# Turned on Heater - Engine Light Came on



## samkal (Jan 8, 2009)

Hi,
I replaced the thermostat 5-6 weeks ago and heater was air blowing cold air when idle however when I get on an expressway the air starts heating up.Lately I tried to use cooling but it was blowing warm air and found is charge is low in a/c system. Few day ago I put refrigerant and ac was fine until today. Today while I was driving I turned on heater and it started blowing cold air and I waiting to get hot air but car started kind a giving jerks- like i was applying brakes and I slowed down and took it to the parking lot. In the meantine Service engine soon light came on. When I opened the hood , coolant resovoir was full with coolant that is the only thing I noticed. I drove back to home but after 50-60 meters I was feeling car is engaging brakes for sec and then kee moving. Please let me know what could be the cause.

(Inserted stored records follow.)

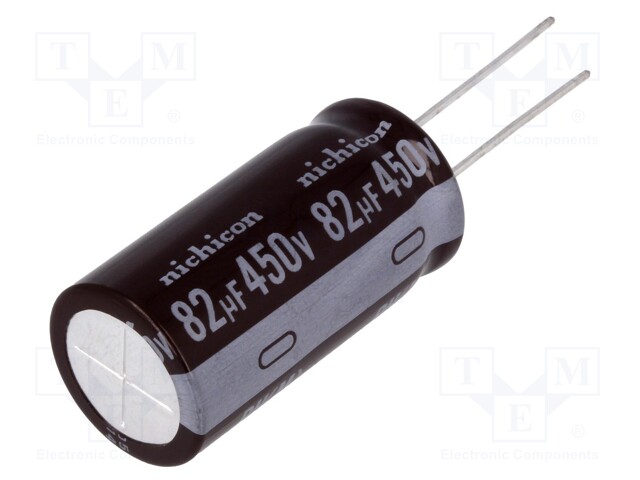 Capacitor: electrolytic; THT; 82uF; 450VDC; Ø16x31.5mm; ±20%; 2000h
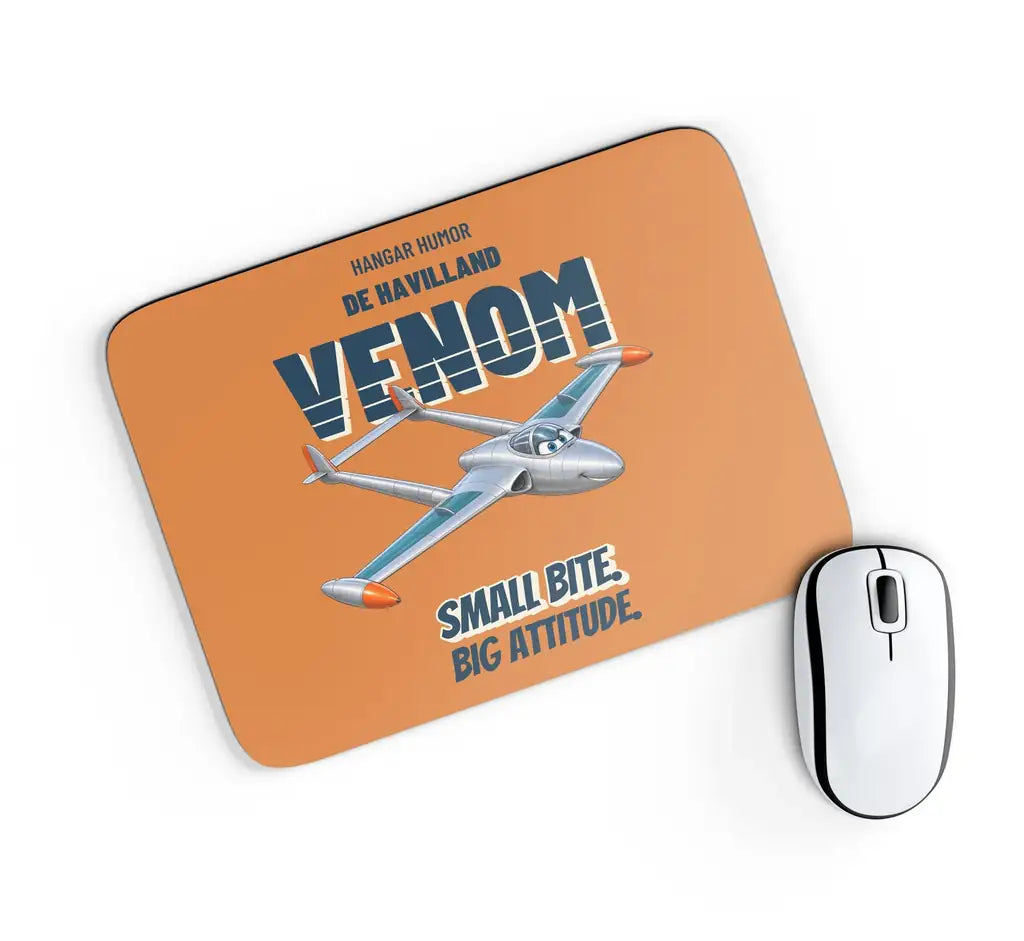 de Havilland Venom FB.4 - Small bite. Big attitude. design on orange rectangle mouse pad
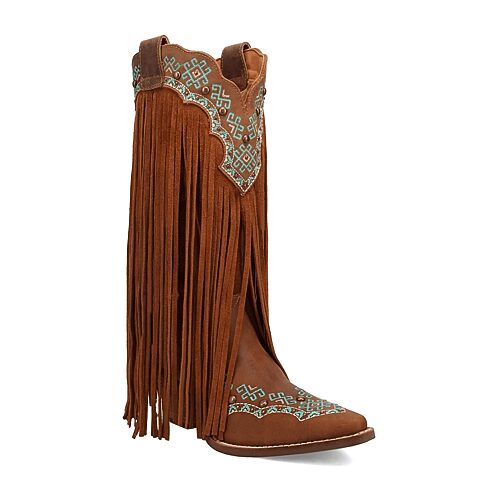 Dingo Womens Tequila Sunrise Suede Stacked Heel Cowboy Boots, 10 Medium, Brown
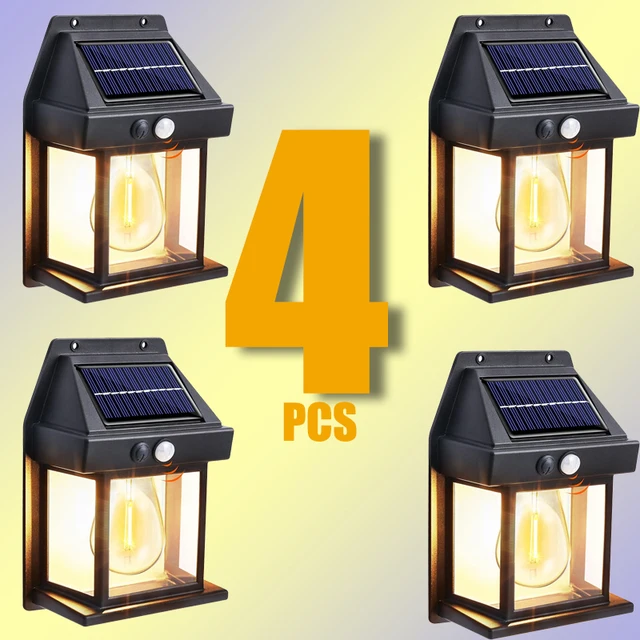 Applique murale extérieure étanche à énergie solaire avec capteur de mouvement Filament de tungstène décoration de jardin lampe à LED 3 Modes 1-4 pièces 1
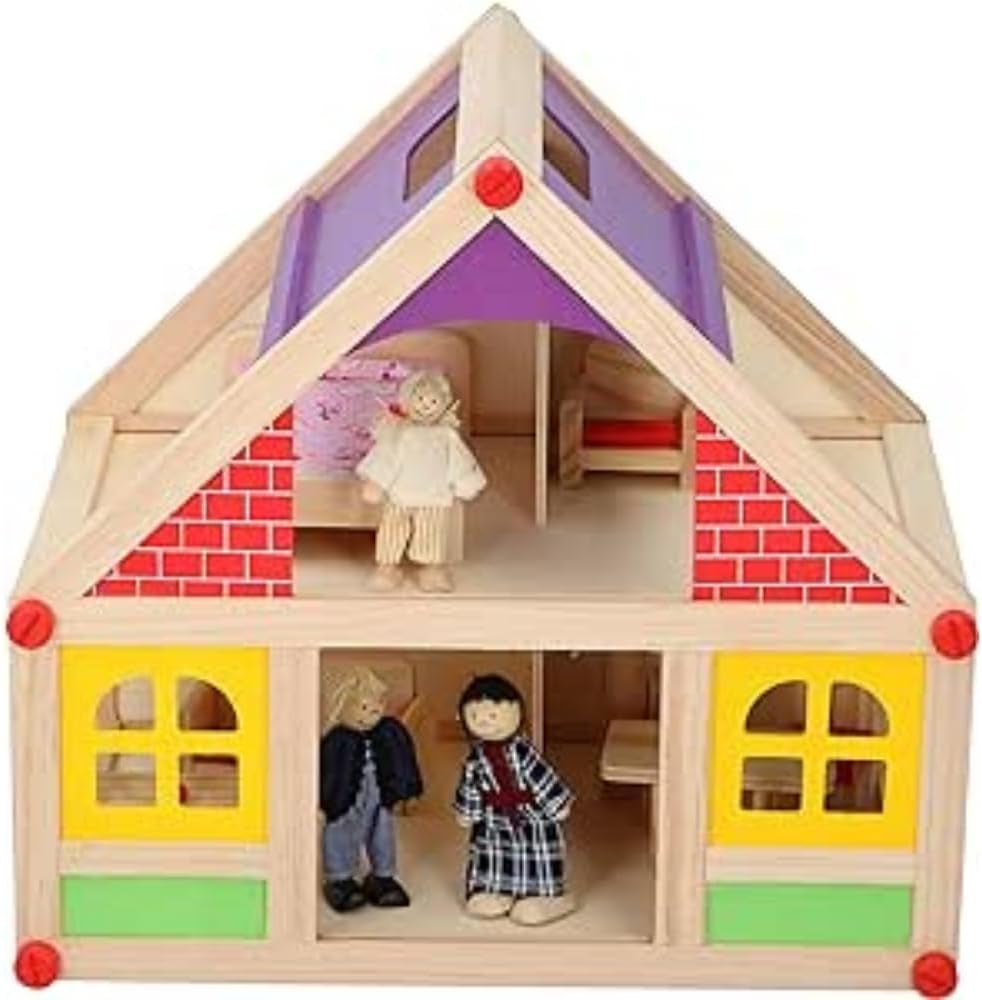Marionette Giocattoli in Legno - Casa delle Bambole in Legno con Mobili e Bambole - 11 Pezzi Case delle Bambole Naty Shop Titolo predefinito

Nissan Sentra 2002, GXE 1.8L


----------



## Faja (Aug 31, 2009)

Try replacing the rad cap, check if thermostat is sticking and could also be water pump or the radiator itself.


----------



## SPEEDO (Jun 9, 2003)

might have a air pocket in the system or a problem with the heater/ac control head


----------



## samkal (Jan 8, 2009)

Thanks! How can I figure out the real issue? Do i need to show this car to the mechanic? Please advise.


----------



## Faja (Aug 31, 2009)

Without having the car at hand, it's mostly trial and error - sometimes you hit it on the first go and other times it just frustrates the hell out of you. If you don't have the tools or know-how to try different possibilities, better to take it to a reputable mechanic who can pinpoint the problem much faster.


----------



## samkal (Jan 8, 2009)

Ok. I have not drove it since this incident.Is it safe to drive 5-6 miles? Please let me know


----------



## Faja (Aug 31, 2009)

samkal said:


> Ok. I have not drove it since this incident.Is it safe to drive 5-6 miles? Please let me know


Check and see if the overflow coolant reservoir is back to normal (should be almost empty or at the min. level). If it is, I don't think driving 5-6 miles should do any damage, just take your time so the engine doesn't get too hot.
Let us know what the mechanic says.... good luck!!


----------



## SPEEDO (Jun 9, 2003)

I'll bet its the control head....


----------



## NissanPartsDept (Mar 31, 2010)

Don't rely on just the overflow level. If it is empty, when the engine is cold remove the radiator cap and check the level before driving it.


----------



## samkal (Jan 8, 2009)

I checked this morning and coolant reservoir was empty.I will level the coolant before I drive it.


----------



## samkal (Jan 8, 2009)

I took it to the mechanic today and he checked SES code and came 0217. He however could find any issue with the car. He reset the code and asked me if it comes back then he will change coolant sensor.


----------



## samkal (Jan 8, 2009)

okay. Car was working fine until this morning. While I was on my way to work and I tried to turn on heat first time since ESS was reset. Instead of warm air cold air started coming in and immediately turned off heat.Within 20 seconds ESS came on and I U turned to take it to the home , temp. gauge needle also touched "H". When I opened hood coolant tank was full. I am really fed up with it and not sure how to fix it. Please help.


----------